L’employeur met en œuvre les mesures prévues à l’article L. 4121-1 sur le fondement des principes généraux de prévention suivants :

      • 1° Eviter les risques ;
      • 2° Evaluer les risques qui ne peuvent pas être évités ;
      • 3° Combattre les risques à la source ;
      • 4° Adapter le travail à l’homme, en particulier en ce qui concerne la conception des postes de travail ainsi que le choix des équipements de travail et des méthodes de travail et de production, en vue notamment de limiter le travail monotone et le travail cadencé et de réduire les effets de ceux-ci sur la santé ;
      • 5° Tenir compte de l’état d’évolution de la technique ;
      • 6° Remplacer ce qui est dangereux par ce qui n’est pas dangereux ou par ce qui est moins dangereux ;
      • 7° Planifier la prévention en y intégrant, dans un ensemble cohérent, la technique, l’organisation du travail, les conditions de travail, les relations sociales et l’influence des facteurs ambiants, notamment les risques liés au harcèlement moral, tel qu’il est défini à l’article L. 1152-1 ;
      • 8° Prendre des mesures de protection collective en leur donnant la priorité sur les mesures de protection individuelle ;
      • 9° Donner les instructions appropriées aux travailleurs.

 Un volet automatisation dans un accord pénibilité ?

Les autres projets d’automatisation qui sont soi-disant « pour notre bien à tous » nous laissent perplexes. Voici les différents de projets d’automatisation de la direction dont nous ne savons rien aujourd’hui :

  • Automatisation des BPS ;
  • Automatisation du dépilage en zone séchoir ;
  • Automatisation de certains flux logistique. Or la C.G.T ne souhaite pas signer un accord d’automatisation de l’usine mais bien un accord pénibilité.

Nous ne nous engagerons pas sur des projets sans avoir des certitudes sur leurs impacts sur les conditions de travail et l’emploi.
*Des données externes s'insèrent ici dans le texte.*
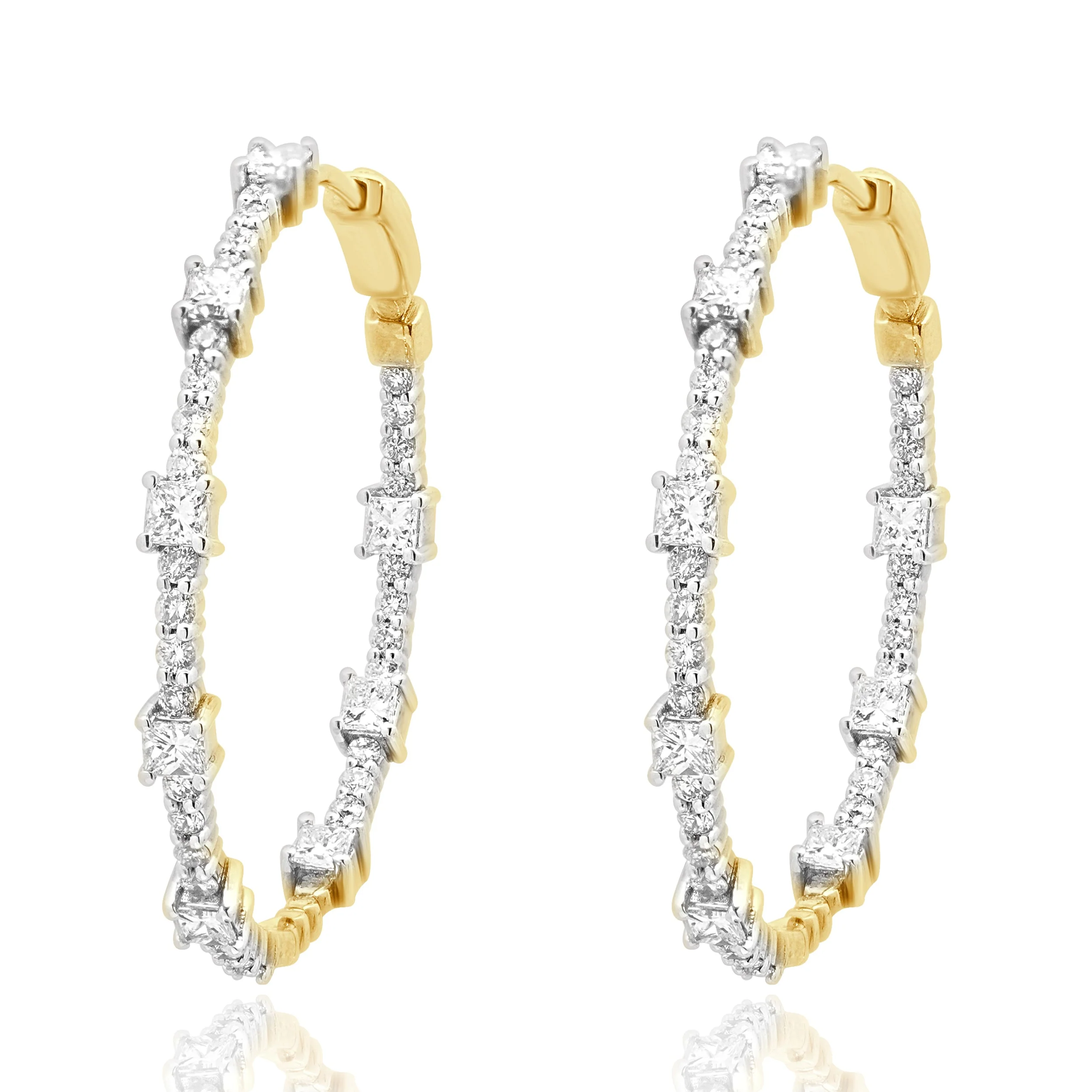 14 Karat Yellow Gold Diamond Inside Outside Hoop Earrings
Le compte-épargne temps (CET), quelle utilité pour les ouvriers et agents de maîtrises concernés par la pénibilité ?

La direction tente alors de rééquilibrer l’accord. Elle valide ainsi la revendication de l’UNSA sur le compte-épargne temps. Mais cette disposition est bien maigre et très (trop) encadrée par l’employeur.

Le temps placé sur ce compte devra être pris au maximum tous les 5 ans hormis pour les salariés de + de 55 ans qui pourront épargner jusqu’à leur départ en retraite.
Le nombre de jours épargnables sera de 10 jours max par an.
La direction refuse d’abonder le temps épargné.

Pour la CGT ce compte n’aura pas beaucoup d’intérêt pour les salariés exposés à la pénibilité.

Ils auront donc le droit de réduire leur repos, donc accroitre leur pénibilité pour bénéficier plus tard du temps épargné.

Tous les salariés ne seront pas égaux pour alimenter ce compte. Les salariés de nuit et en 3×8 qui génèrent du RC de nuit ne pourront pas placer ce temps sur leur CET car ce temps est considéré comme physiologique et doit obligatoirement être pris dans les 2 mois.

Ce compte n’aurait au final qu’un seul but, faire travailler plus pendant les périodes de « hautes activités » et faire prendre les heures pendant les périodes de basses activités. Il n’est donc pour nous pas question de prévention de la pénibilité mais d’adapter toujours plus l’être humain au fonctionnement de l’usine. Chose que nous refusons car nous estimons aujourd’hui que cet accord doit contenir des droits :

  • droit pour les salariés de travailler à temps partiel à partir de 55 ans (80 % payé à 90 %)
  • droit pour les salariés de ne plus travailler en 3×8 ou en nuit fixe sans perte de salaire à partir de 50 ans.
  • Semaine de 4 nuits pour les équipes de nuits fixes, le vendredi est sur la base du volontariat.
  • Augmentation de la majoration des RC de nuit.
  • Jours d’ancienneté à partir de 10 ans pour tous les salariés.

Fait à Chantepie, le 20 mai 2019.
Le syndicat CGT Oberthur Fiduciaire.